PROVIDED DATA

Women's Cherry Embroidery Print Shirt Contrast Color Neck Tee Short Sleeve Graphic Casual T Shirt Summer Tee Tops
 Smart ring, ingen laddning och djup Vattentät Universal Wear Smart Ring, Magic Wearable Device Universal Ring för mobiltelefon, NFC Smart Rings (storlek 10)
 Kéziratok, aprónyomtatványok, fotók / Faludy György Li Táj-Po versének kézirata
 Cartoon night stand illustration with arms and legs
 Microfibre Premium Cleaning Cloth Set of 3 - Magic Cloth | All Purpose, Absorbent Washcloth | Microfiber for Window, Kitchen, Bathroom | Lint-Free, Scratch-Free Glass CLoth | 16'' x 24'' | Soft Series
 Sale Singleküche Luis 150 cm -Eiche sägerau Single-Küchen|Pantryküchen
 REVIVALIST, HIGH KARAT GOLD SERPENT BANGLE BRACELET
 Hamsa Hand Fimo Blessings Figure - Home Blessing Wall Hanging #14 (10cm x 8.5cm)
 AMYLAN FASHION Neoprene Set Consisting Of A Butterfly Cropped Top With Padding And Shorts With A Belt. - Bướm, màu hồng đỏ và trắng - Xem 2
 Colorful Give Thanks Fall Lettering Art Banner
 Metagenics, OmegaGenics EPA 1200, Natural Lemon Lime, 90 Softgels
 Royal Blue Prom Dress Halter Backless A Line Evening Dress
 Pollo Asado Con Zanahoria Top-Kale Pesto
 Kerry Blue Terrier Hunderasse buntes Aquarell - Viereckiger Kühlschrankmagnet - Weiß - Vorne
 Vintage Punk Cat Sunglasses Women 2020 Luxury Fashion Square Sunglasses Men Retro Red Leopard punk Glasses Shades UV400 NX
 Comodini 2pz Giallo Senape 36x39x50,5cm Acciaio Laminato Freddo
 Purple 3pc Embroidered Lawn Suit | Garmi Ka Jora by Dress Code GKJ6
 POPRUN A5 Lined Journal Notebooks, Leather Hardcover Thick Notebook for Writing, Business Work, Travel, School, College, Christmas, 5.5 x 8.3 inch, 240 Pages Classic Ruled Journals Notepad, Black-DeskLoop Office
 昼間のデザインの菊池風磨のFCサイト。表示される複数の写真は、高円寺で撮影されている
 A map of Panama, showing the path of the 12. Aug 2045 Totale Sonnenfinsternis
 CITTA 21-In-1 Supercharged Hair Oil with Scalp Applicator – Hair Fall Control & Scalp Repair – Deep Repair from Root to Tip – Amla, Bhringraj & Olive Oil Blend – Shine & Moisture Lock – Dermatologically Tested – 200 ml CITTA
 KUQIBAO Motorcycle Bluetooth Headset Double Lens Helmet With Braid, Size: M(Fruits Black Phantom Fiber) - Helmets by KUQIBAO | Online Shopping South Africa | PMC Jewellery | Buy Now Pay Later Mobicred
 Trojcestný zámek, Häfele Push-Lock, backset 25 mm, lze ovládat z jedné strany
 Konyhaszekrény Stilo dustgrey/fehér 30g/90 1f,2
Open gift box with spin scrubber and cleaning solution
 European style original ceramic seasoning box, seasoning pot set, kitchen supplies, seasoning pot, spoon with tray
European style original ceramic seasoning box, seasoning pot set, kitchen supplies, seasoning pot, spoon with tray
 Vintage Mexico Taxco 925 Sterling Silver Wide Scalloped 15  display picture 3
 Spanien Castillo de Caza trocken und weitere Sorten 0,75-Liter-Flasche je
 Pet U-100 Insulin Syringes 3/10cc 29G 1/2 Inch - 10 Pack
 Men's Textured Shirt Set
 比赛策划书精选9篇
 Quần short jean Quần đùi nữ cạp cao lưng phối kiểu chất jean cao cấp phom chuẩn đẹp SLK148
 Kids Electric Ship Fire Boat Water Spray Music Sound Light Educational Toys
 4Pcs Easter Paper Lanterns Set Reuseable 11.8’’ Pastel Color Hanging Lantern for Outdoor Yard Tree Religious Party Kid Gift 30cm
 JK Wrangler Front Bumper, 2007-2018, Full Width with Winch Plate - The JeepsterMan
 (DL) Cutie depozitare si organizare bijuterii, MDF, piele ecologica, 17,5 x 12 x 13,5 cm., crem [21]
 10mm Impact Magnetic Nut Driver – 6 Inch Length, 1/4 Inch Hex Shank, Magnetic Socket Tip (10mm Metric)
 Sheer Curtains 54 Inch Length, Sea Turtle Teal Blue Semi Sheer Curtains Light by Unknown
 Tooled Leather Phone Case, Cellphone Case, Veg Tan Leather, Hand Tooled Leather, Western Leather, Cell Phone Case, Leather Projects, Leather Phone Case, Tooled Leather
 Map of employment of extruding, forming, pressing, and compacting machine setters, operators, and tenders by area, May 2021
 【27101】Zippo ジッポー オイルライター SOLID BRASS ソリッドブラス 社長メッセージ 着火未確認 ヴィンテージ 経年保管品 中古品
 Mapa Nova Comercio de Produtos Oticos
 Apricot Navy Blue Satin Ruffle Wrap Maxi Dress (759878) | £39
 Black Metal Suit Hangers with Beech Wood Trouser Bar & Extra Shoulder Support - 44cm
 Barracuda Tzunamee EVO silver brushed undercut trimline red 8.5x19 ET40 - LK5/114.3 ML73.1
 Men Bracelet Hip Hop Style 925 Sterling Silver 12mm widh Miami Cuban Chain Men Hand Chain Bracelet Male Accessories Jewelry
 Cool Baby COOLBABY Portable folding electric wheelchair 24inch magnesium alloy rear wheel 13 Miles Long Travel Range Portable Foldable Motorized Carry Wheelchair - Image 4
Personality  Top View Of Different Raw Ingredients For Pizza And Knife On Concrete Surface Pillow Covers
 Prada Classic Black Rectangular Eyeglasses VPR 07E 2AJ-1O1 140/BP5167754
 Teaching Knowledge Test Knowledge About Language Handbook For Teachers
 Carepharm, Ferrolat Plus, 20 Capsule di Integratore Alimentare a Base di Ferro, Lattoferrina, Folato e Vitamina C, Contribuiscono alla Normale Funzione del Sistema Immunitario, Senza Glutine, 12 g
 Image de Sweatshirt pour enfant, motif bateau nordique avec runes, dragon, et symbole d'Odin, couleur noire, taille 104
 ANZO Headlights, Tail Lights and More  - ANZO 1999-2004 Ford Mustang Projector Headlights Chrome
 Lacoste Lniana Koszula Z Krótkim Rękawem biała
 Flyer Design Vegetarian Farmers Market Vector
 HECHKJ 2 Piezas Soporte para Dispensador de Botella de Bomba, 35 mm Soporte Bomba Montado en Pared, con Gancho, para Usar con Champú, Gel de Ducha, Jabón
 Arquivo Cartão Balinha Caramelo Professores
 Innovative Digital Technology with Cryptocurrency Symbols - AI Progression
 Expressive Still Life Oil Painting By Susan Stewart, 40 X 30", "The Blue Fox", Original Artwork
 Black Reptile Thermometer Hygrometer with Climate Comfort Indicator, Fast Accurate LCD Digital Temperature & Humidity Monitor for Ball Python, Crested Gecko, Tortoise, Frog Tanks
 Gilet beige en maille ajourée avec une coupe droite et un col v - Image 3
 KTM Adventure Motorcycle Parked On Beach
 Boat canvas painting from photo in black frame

WHAT THE TASK REQUIRES
All lines above between those holding "Quần short jean" and "Map of employment", inclusive, must be set down unchanged, and no other line may be included.

WORKED SOLUTION
 Quần short jean Quần đùi nữ cạp cao lưng phối kiểu chất jean cao cấp phom chuẩn đẹp SLK148
 Kids Electric Ship Fire Boat Water Spray Music Sound Light Educational Toys
 4Pcs Easter Paper Lanterns Set Reuseable 11.8’’ Pastel Color Hanging Lantern for Outdoor Yard Tree Religious Party Kid Gift 30cm
 JK Wrangler Front Bumper, 2007-2018, Full Width with Winch Plate - The JeepsterMan
 (DL) Cutie depozitare si organizare bijuterii, MDF, piele ecologica, 17,5 x 12 x 13,5 cm., crem [21]
 10mm Impact Magnetic Nut Driver – 6 Inch Length, 1/4 Inch Hex Shank, Magnetic Socket Tip (10mm Metric)
 Sheer Curtains 54 Inch Length, Sea Turtle Teal Blue Semi Sheer Curtains Light by Unknown
 Tooled Leather Phone Case, Cellphone Case, Veg Tan Leather, Hand Tooled Leather, Western Leather, Cell Phone Case, Leather Projects, Leather Phone Case, Tooled Leather
 Map of employment of extruding, forming, pressing, and compacting machine setters, operators, and tenders by area, May 2021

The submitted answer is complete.